TASK DIRECTIONS: Using the records below, output the stretch that opens with the line containing "istock Ginger cat" and closes with the line containing "JACS/AM 8篇，施劍林", exactly and including both lines, with nothing more.

EXERCISE INPUT:
________________________

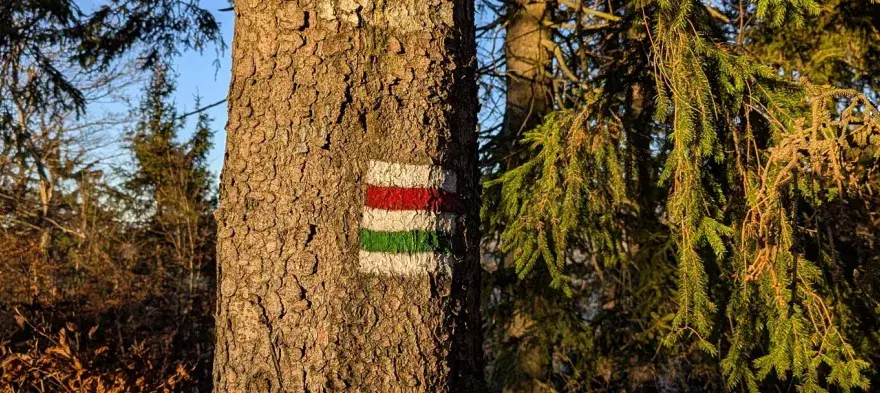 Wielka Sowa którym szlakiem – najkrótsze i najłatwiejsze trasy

________________________

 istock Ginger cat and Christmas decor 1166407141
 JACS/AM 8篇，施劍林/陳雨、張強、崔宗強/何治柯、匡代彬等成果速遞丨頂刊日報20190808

________________________

SOLUTION BELOW:
 istock Ginger cat and Christmas decor 1166407141
 JACS/AM 8篇，施劍林/陳雨、張強、崔宗強/何治柯、匡代彬等成果速遞丨頂刊日報20190808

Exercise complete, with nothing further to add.